While I didn’t agree with all of the author’s conclusions (such as the emphasis laid on the role that violent atonement theories have played in the history of violence in Christianity), I think that this book nevertheless provides a helpful look at the age-old question of how exactly it is that the death of Christ is efficacious on our behalf. If you’re unaware of the different ways in which Christians have understood Christ’s death, then pick up this book and give it a whirl. It is a very accessible read for the person in the pew, so you by no means have to be an academic to understand the content.

3 responses

  1. Thanks for this review! I’ve been very interested in the art of scapegoating lately, especially after starting Karl Menninger’s Whatever Became of Sin?. Scapegoating, of course, is the blaming of people for sins they did not commit. These sins can be my own, sins of others who are alive, or sins of those who are now dead. One can contrast the art of scapegoating with Emil Brunner central focus on responsibility in Man in Revolt:

        The Christian faith is so utterly simple; it is nothing less than the renewed understanding of the meaning of responsibility. But in order that this ‘simple’ thing should take place, the most tremendous events had to happen. God had to become man, in order to restore to man his original existence and knowledge, his responsibility. (52)

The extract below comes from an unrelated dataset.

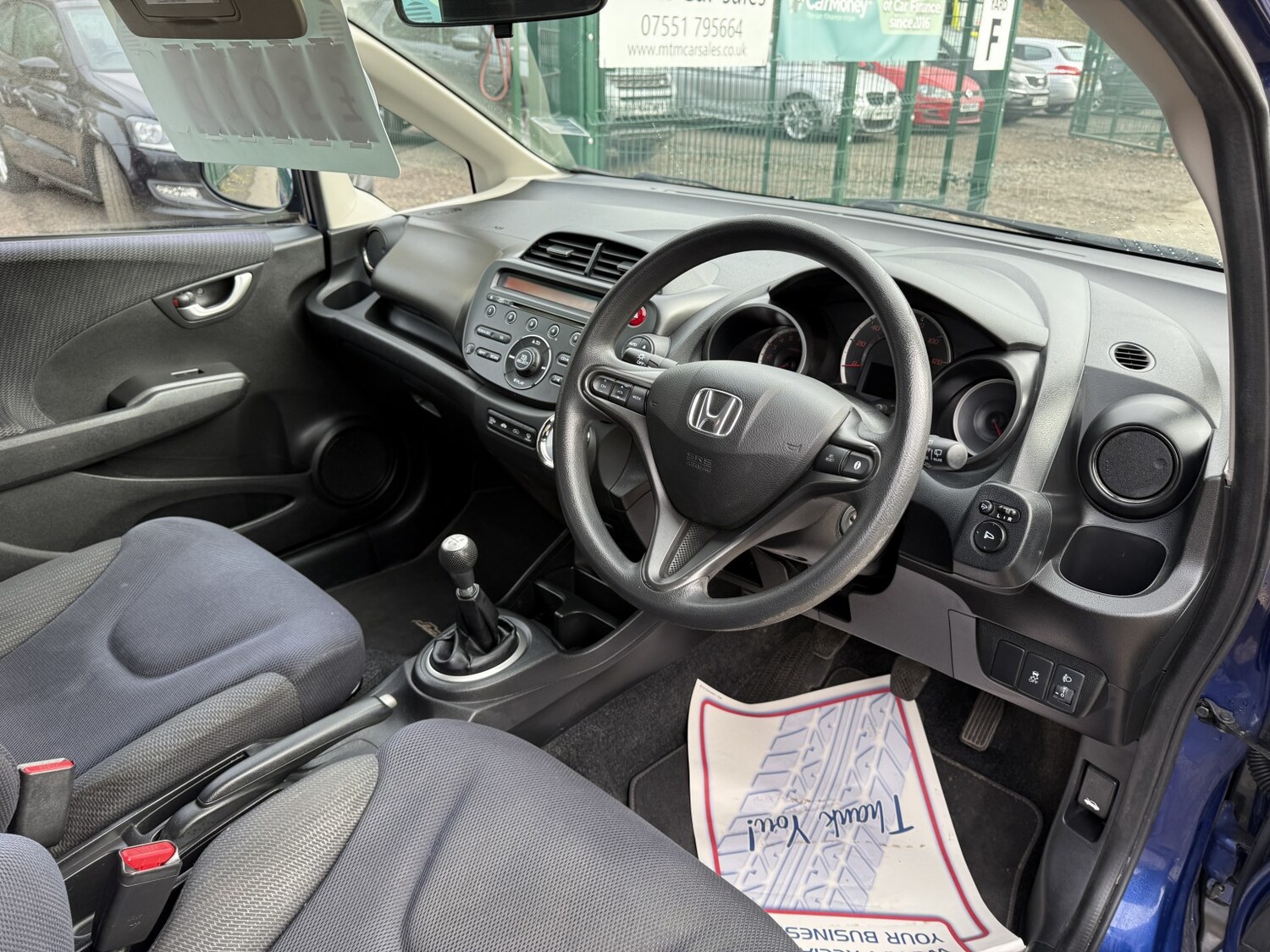 Used Honda Jazz 2012 for sale - 77802658: Photo 20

    IIRC, Jesus is sometimes seen as a scapegoat, as a person who is blamed for sins he did not commit. What if part of what Jesus did was pave the road for “taking responsibility for brokenness you didn’t cause”? I seriously hesitate to say that this is merely an ‘example’ which, for example, could be 100% fictional. That seems to play fast and loose with cause & effect, and argue that somehow all that needed to be done was unlock latent goodness in human hearts. I am much more convinced that original sin, in the inherited-somehow form, such that the very basis of one’s active willing is distorted, is true. I would say that Jesus can be seen as nucleating a reversal of this distortion, via taking responsibility.

    Does Baker engage with any of the above ideas? I might just have to get her book. 🙂

    • Baker doesn’t really discuss the idea of a scapegoat. From what I remember all there is, is a couple of references to the Old Testament where a scapegoat is released into the wilderness on the day of atonement.

      You probably already know this, but in case you don’t, René Girard wrote some interesting stuff on religion, violence, and the scapegoat mechanism.